What is being asked:
Write down the lines exactly as they appear, from the one that contains "Lithological Identification of" through the final line of the records, so that both ends are kept and no pictures come along.

*** Records provided Section Begins ***

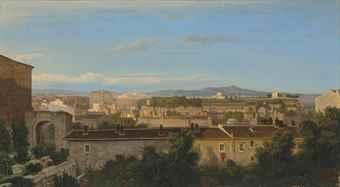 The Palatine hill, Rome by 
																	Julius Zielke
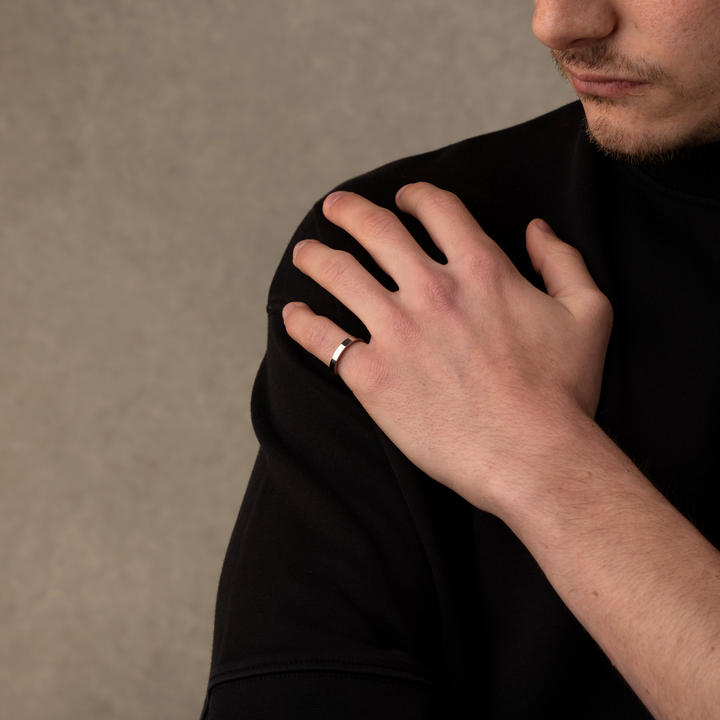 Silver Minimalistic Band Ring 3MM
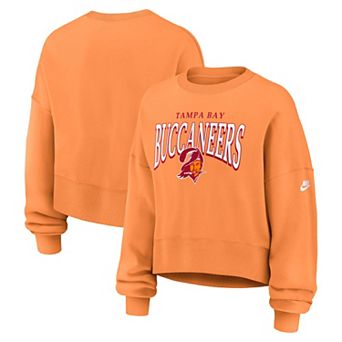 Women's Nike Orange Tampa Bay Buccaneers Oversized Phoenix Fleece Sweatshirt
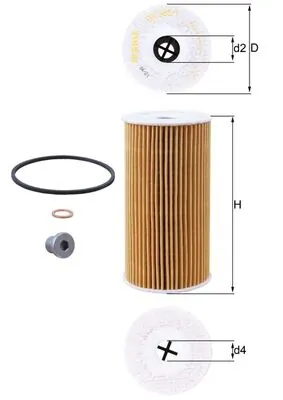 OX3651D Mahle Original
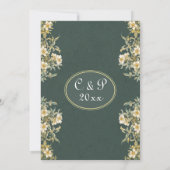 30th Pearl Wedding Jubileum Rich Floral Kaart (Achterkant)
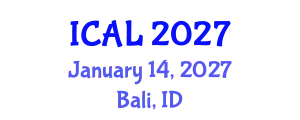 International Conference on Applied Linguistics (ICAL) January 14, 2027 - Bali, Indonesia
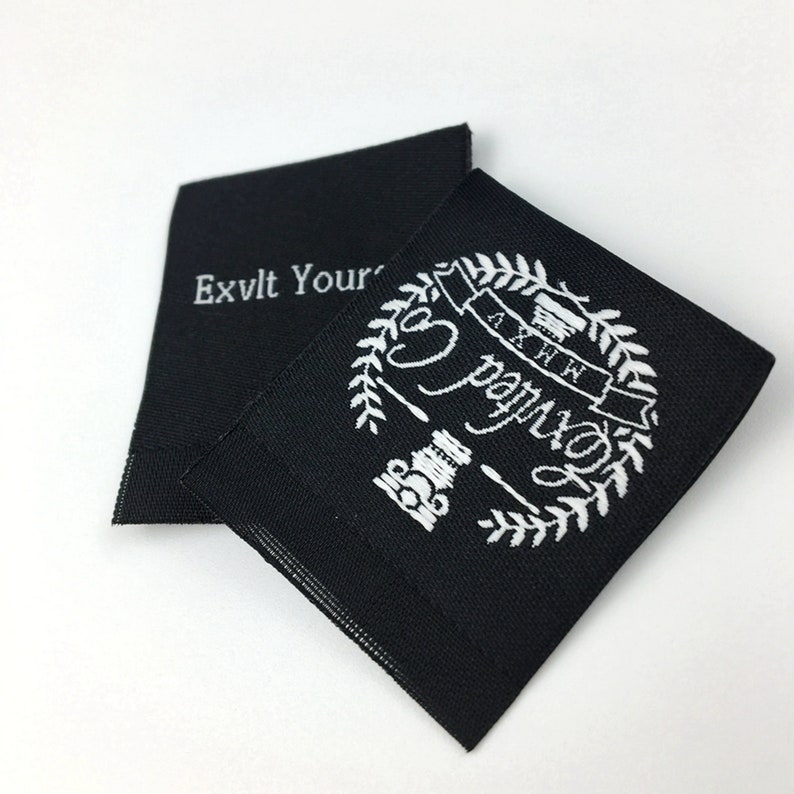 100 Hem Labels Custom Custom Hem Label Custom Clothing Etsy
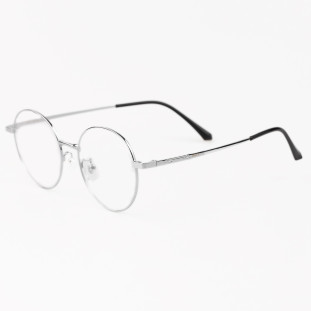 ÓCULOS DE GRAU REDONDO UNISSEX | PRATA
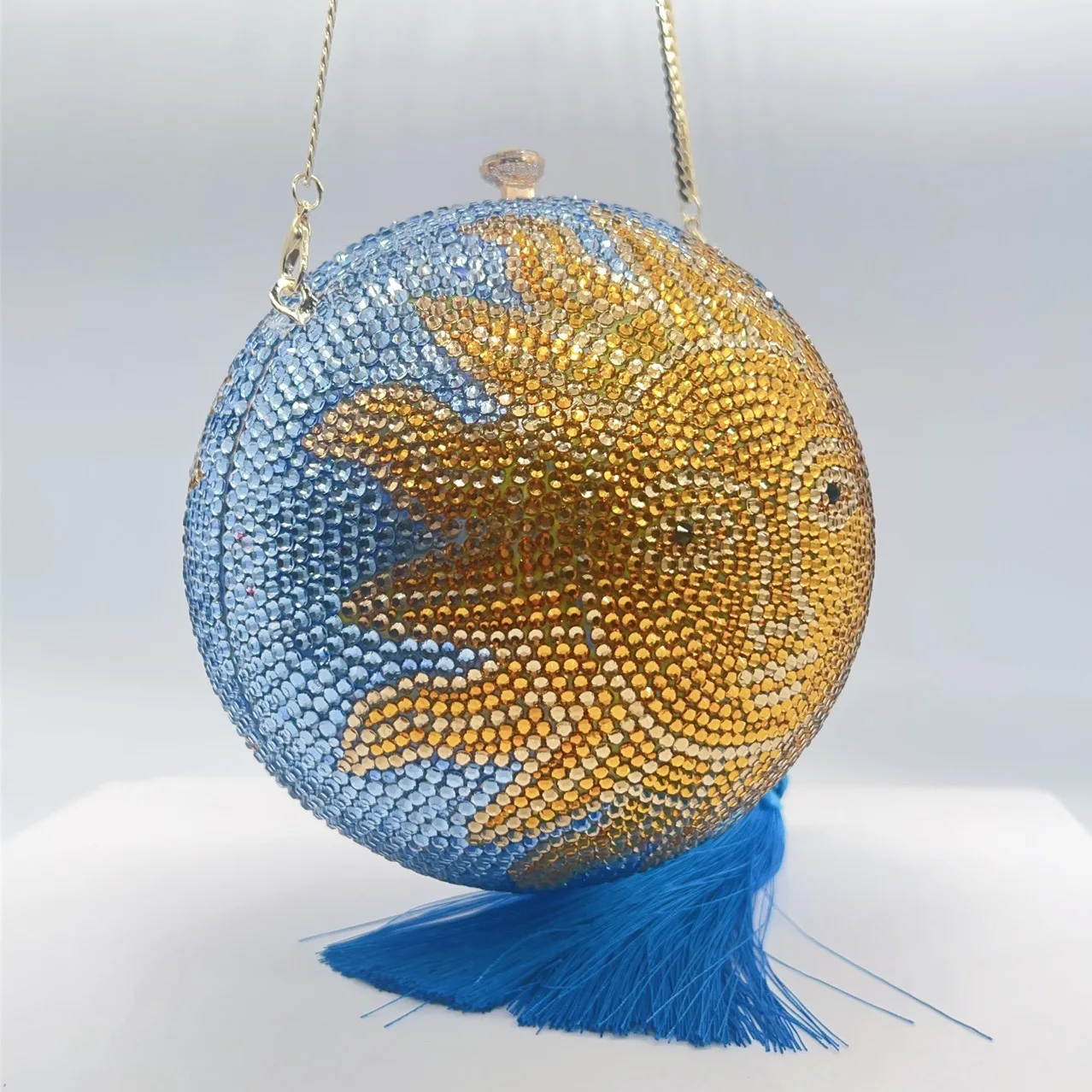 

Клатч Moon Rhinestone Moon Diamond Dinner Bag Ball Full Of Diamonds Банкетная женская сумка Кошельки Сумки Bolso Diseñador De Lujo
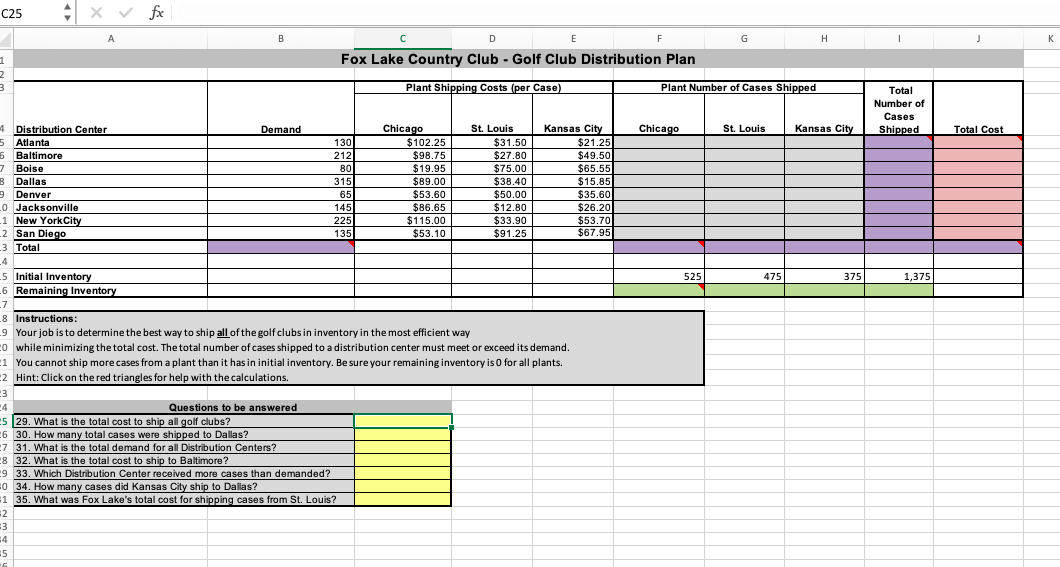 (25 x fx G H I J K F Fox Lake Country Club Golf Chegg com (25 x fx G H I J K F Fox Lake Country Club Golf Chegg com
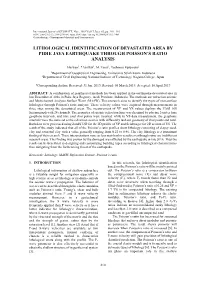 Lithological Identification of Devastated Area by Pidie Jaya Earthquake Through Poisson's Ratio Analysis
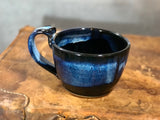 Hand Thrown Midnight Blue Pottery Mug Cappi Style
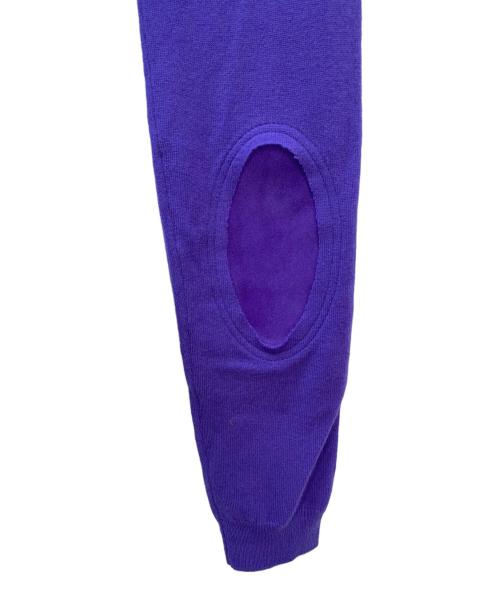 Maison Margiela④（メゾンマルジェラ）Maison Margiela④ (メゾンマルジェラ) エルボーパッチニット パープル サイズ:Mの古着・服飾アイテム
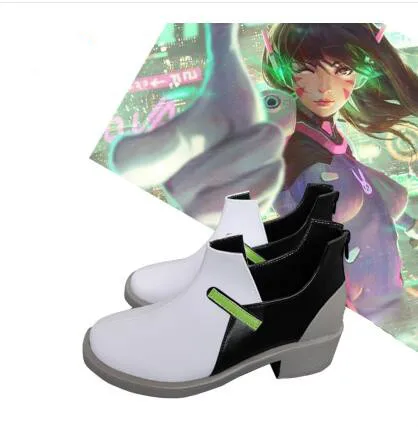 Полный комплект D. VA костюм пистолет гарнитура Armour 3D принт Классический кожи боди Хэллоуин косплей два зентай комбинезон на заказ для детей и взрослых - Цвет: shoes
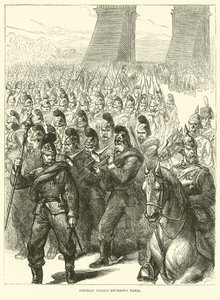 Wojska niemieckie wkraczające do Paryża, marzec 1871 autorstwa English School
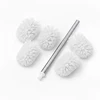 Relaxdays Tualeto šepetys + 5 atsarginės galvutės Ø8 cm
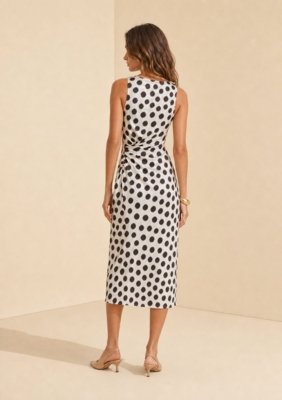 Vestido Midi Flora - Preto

*** Records provided Section Ends ***

Output for this task:
 Lithological Identification of Devastated Area by Pidie Jaya Earthquake Through Poisson's Ratio Analysis
 Hand Thrown Midnight Blue Pottery Mug Cappi Style
 Maison Margiela④（メゾンマルジェラ）Maison Margiela④ (メゾンマルジェラ) エルボーパッチニット パープル サイズ:Mの古着・服飾アイテム
 Полный комплект D. VA костюм пистолет гарнитура Armour 3D принт Классический кожи боди Хэллоуин косплей два зентай комбинезон на заказ для детей и взрослых - Цвет: shoes
 Wojska niemieckie wkraczające do Paryża, marzec 1871 autorstwa English School
 Relaxdays Tualeto šepetys + 5 atsarginės galvutės Ø8 cm
 Vestido Midi Flora - Preto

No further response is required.